One observation that I don’t think has been made yet (but apologies if I missed it somewhere in the thread): parallel GC in current GHC versions tends to perform poorly with more than a small number of cores, because its synchronization relies on contended spinlocks and sched_yield (which context-switches more than ideal). This is much improved in GHC 9.2 thanks to work by Douglas Wilson, who gave a talk about it at HIW last week. The 9.2 release notes have an overview of the changes.

2 Likes

I imagine that you probably want the total number of capabilities for both your program and GC to equal the total number of threads. So, if you have 8 cores, you probably want -N6 -qn2 or -N4 -qn4.

This doesn’t look right. Haskell GC is stop-the-world, so there’s no contention between running and collecting. AFAIK GC threads are simply using a subset of user capabilities.

1 Like

“parallel work balance” that was always very low (<27%), except when using very large values for -A, like -A128m, where we reached 42.85%.

That’s why always I use -qg (i.e. disable parallel GC). Never seen it beaten by a parallel one, for any amount of used memory or cores.

1 Like

The answer is naturally - it depends. Obviously if you’re interested in the performance of a certain single-threaded application, other processes just clutter your machine and compete over the shared resources. So let’s look at two cases where this question may be interesting:

You’re running multiple processes (let’s say they’re identical), and you’re interested in the aggregated performance.
You’re running a multithreaded application that can spawn as many threads as possible.
The second case is easier to answer, it (… wait for it …) depends on what you’re running! If you have locks, more threads may lead to higher contention and conflicts. If you’re lock free (or even some flavors of wait-free), you may still have fairness issues. It also depends on how the work is balanced internally in your application, or how your task schedulers work. There are simply too many possible solutions out there today.

I considered running more capabilities than cores (-N6 with 3 cores) because we’ve had spikes of request queueing, and hope I can offset those by starting more things in parallel and letting the CPU rest while doing IO. My first attempt at this brought the app down to a crawl, so I gave it another try here with different settings.
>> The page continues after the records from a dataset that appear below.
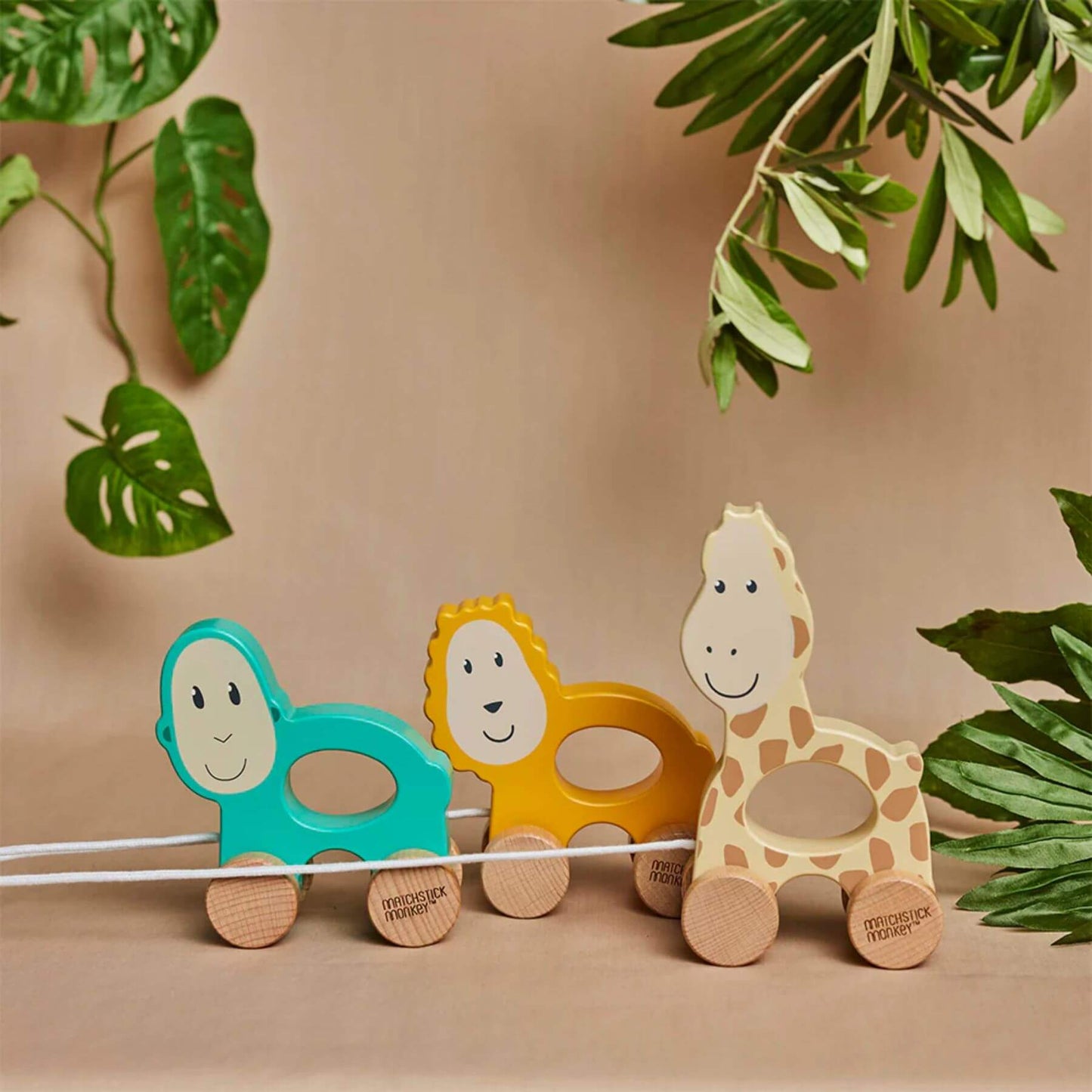 Matchstick Monkey wooden pull-along animal toys, designed for toddlers to boost motor skills, imaginative play, and crafted from eco-friendly materials.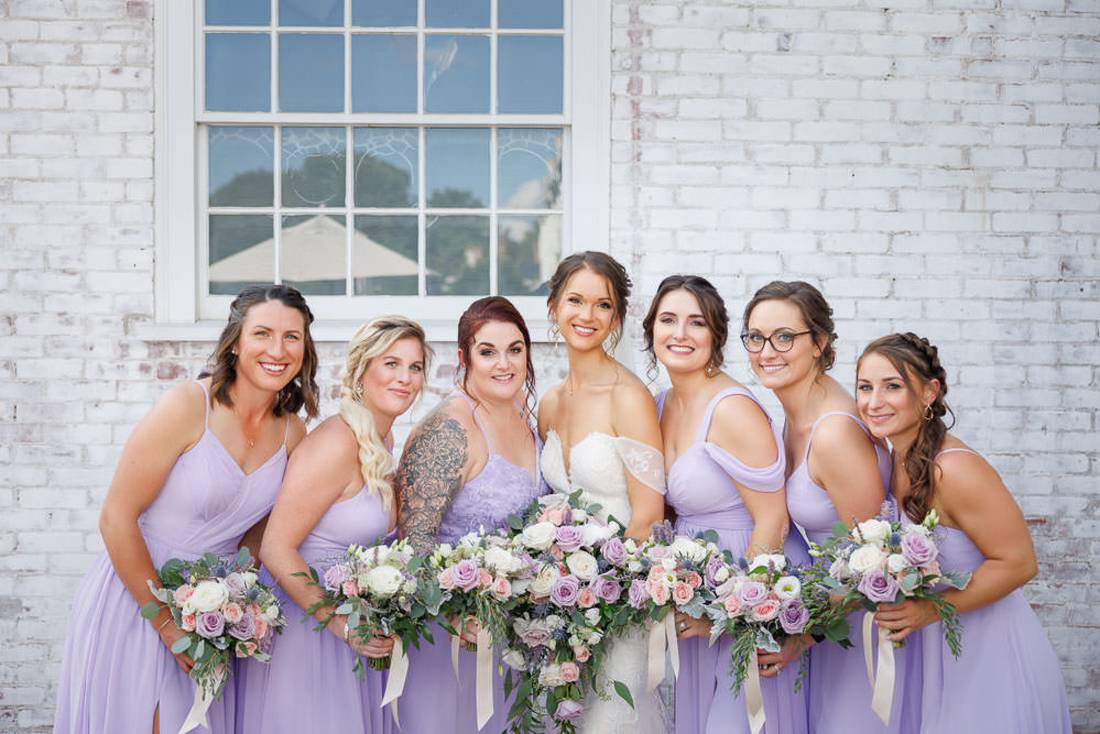 Bridal party with white brick wall behind them
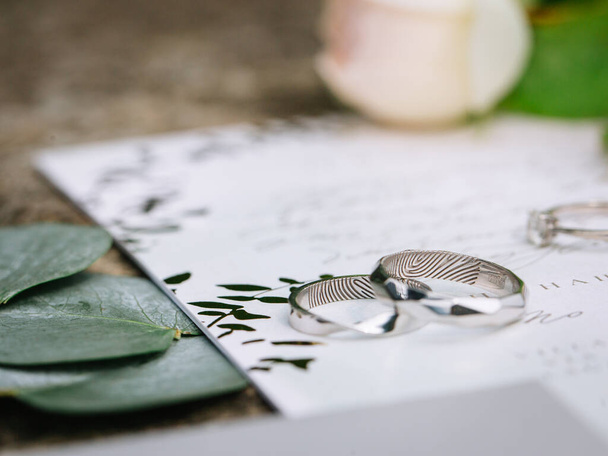 wedding silver engagement rings with fingerprint engraving inside. Lying on paper with calligraphy. nearby eucalyptus leaves - Foto, afbeelding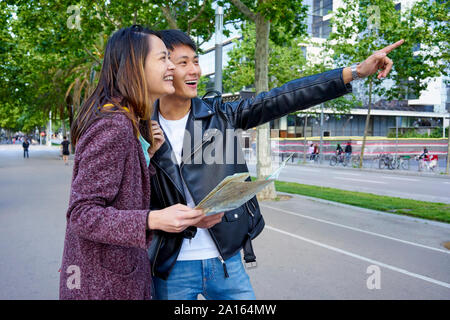 Couple de touristes visitant la ville et en maintenant une carte, Barcelone, Espagne Banque D'Images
I don’t think that this ever makes sense. You can spawn off as many “green” threads as you want within your app, and GHC will map them to capabilities as it desires. So you can kick off as many concurrent things as you want. You don’t need to, nor does it generally help to match your number of explicit green threads to your count of capabilities. The capabilities you set with N tell GHC’s own scheduler how many OS threads to allocate, and I don’t see how allocating those threads would ever be a good thing for scheduling. Context switches between “green” threads are much cheaper than a full context switch between two OS threads on a single core, if that’s a clear way to say this, so its much better to do things that way.

1 Like

I’m normally having 2-4 inflight requests per process, but sometimes I get spikes of 30-40, and everything gets slow. When those spikes happen, CPU does not saturate, which is why I’m poking at capabilities.

On bumping to -N6, and making it viable by disabling the parallel GC, I still don’t see CPU going above 70% and I don’t see a bunch of involuntary context switches, which is what I would expect if I had way too many threads trying to do work at the same time (like when I was using the parallel GC with a small -A).

I get what you’re saying, but with taskset locking at 3 cores and 6 capabilities, when I have 30-40 inflight requests per process, I’m still not seeing any nonvoluntary_ctxt_switches in /proc/[pid]/status, so I’m not paying that price.

This is what my tracing spans look like during those 30-40 inflight request spikes:

The amount of white space between IO calls here tells me this green thread was waiting in line to get back in action, and since it wasn’t the OS scheduler holding it back, bc we had no nonvoluntary_ctxt_switches, we can benefit from having a larger pool of OS threads.

Maybe there’s some pervasive locking throughout my app that I can’t spot, but maybe there’s some inefficiency mapping green threads to OS threads and we can benefit from more OS threads at this point.